Now on sale as both a paperback and e-book: http://booklocker.com/books/6965.html Also available from Amazon and other online book sellers.
“Documentary 101: A Viewer’s Guide to Non-Fiction Film” is a first-of-its-kind anthology, covering the entire spectrum of non-fiction film from 1895 to the present day. There are 101 full-length reviews of documentaries chosen for their aesthetic prominence and/or historical significance, followed by briefer entries on related titles. There are 325 total reviews and an informational appendix in its 418 pages.
Below are four new excerpts from the book, accompanied by film stills only seen here. Click on images for a larger view.
“In the Year of the Pig” was the first major documentary in protest of American involvement in Vietnam and it’s admirable that director Emile de Antonio rejected the era’s fashionable agitprop to instead carefully delineate the war’s trajectory from a post-war French colonial issue, to a regional political struggle to a suddenly important outpost in the international fight against communism. A thought-provoking stew of vital interviews and ground-level footage, this is perhaps the first film of the radical left to ever receive an Oscar nomination in the documentary category.
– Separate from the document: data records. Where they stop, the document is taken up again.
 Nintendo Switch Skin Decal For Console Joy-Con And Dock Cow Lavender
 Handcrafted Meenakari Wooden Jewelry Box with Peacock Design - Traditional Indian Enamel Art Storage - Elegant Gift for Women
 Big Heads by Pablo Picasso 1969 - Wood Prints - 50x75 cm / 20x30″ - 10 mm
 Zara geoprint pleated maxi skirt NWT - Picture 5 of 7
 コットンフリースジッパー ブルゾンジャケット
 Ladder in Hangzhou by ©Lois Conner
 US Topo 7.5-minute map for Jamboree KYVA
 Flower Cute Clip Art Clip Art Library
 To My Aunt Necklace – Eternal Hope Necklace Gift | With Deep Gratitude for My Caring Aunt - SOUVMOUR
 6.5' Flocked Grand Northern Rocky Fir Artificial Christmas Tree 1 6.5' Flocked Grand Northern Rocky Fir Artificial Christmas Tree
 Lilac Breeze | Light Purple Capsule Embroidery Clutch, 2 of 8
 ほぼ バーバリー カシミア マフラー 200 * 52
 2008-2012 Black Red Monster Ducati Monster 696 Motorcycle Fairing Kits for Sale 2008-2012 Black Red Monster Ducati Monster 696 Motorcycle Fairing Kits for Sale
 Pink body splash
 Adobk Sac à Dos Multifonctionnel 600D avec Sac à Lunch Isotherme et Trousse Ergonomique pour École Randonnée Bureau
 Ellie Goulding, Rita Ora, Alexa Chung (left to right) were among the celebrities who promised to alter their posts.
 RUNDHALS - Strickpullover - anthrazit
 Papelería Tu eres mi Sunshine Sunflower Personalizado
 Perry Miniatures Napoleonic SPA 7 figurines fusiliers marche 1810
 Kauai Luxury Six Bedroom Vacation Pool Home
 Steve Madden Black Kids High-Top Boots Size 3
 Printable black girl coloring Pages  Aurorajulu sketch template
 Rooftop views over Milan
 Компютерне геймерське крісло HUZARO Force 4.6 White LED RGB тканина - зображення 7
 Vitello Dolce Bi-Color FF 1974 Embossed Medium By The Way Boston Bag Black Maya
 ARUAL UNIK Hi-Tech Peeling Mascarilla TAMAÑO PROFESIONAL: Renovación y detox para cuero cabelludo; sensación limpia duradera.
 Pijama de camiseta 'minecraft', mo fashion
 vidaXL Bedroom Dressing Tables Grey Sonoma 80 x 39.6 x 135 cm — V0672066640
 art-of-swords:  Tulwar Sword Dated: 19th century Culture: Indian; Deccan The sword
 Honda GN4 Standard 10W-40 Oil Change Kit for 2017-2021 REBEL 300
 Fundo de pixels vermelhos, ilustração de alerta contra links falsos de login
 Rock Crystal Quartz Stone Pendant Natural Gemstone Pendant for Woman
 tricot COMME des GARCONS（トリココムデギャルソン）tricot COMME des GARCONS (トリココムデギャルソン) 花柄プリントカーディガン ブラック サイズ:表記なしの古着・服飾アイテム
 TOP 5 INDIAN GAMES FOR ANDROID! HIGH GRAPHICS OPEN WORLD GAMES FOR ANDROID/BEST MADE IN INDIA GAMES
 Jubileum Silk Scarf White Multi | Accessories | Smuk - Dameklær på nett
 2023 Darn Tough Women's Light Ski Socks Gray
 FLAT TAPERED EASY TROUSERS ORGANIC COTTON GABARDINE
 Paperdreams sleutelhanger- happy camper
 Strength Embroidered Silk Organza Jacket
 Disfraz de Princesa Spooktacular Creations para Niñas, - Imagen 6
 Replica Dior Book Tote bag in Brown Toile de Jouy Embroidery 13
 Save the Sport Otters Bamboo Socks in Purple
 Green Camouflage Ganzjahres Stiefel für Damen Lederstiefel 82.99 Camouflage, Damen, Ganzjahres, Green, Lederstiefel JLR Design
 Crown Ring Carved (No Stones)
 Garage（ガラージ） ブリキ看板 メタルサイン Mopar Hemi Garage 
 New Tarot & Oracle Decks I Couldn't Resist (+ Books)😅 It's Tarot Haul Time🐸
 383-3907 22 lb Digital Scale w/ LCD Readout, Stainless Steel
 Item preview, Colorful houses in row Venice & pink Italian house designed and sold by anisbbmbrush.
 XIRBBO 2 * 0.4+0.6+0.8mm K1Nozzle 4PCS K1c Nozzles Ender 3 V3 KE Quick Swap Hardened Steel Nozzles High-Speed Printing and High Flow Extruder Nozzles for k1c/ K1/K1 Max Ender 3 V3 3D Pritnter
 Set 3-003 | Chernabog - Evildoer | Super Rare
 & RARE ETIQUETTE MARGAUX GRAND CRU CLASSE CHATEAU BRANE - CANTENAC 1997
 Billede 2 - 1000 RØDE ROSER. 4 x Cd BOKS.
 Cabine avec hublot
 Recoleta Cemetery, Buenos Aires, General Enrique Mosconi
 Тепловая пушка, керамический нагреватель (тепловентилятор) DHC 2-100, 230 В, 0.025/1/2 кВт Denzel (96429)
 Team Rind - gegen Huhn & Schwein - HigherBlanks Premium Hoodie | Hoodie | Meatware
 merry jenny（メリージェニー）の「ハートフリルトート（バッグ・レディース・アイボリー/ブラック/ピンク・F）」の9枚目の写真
(In the Year of the Pig, 1968)
The Rolling Stones hired the Maysles brothers, along with their frequent collaborator Charlotte Zwerin, to document their 1969 American tour, the first where they were introduced as “the Greatest Rock and Roll Band in the World.” Right from the film’s first musical number, a turbo-charged version of “Satisfaction” from a Madison Square Garden show, the Stones do their best to live up to that hype. Times have changed since the Beatles invented the modern rock concert a half-decade earlier. Witness the communal hero-worship, the sophisticated sound system, the druggy ambience. Certainly, the sexually-charged appeal of singer Mick Jagger is a far cry from the schoolgirl crushes inspired by the Fab Four in the mid-6os. But the Stones had missed out on Woodstock, which had happened a few months before their arrival. They were already looking ahead to staging a one-day free festival in California at the end of the tour, hoping to create their own “microcosmic society,” a memorable decade-ending event. That it certainly was…
(Gimme Shelter, 1970)
The film begins in Chelmno, Poland, where some of the earliest exterminations of prisoners first took place (starting in December 1941), and where hundreds of thousand were eventually put to death in its infamous gassing vans. By the end of the war, with Soviet forces closing in, the German guards set out to kill all those still alive. Fifteen-year-old Simon Srebnik was one of the less than five people to survive this desperate massacre. After recovering from his wounds (a bullet had grazed his head) he moved to Israel, but he is persuaded by Lanzmann to return to Chelmno thirty-four years later. After walking down a country road with a haunted look on his face—-as if he’s half-expecting to be apprehended—-Srebnik identifies the sight of the concentration camp where the foundation of the vast crematorium is still visible. “No one can re-create what happened here,” he says. “Impossible! And no one can understand it.”
(Shoah, 1985. Pictured is Simon Srebnik with residents of Chelmno, likely in the late 1970s)
The subject of Joe Berlinger and Bruce Sinofsky’s first film are the “Ward boys,” four elderly bachelor brothers who run a small dairy farm in upstate New York. They lead a hermitlike existence centered around their squalid farmhouse; aside from daily trips to the market, they have very little to do with the outside world, and vice versa. Their quiet lives change drastically when one of the brothers dies in bed and another, Delbert, is charged with his murder. Soon after the arrest, the Wards learn they have a lot to both fear and appreciate from the society they have closed themselves off from. The state police and the district attorney show about as much concern for common decency as the brothers do for personal hygiene. The police manage to wrangle a confession out of an unrepresented Delbert Ward, a man of low IQ—-a “triumph” they and the DA’s office follow up with a series of ever-more-questionable tactics that culminate in a desperate attempt to turn the whole thing into an incestuous sex crime when their case seems to be faltering. The townspeople of Munnsville, on the other hand, rally around the Wards with a surprising show of support and affection.
(Brother’s Keeper, 1992)
You’ve sold me on the book! Thom
Thanks, Thom! Just a note, though I don’t have an e-reader I have seen “Documentary 101” on one and it looks great.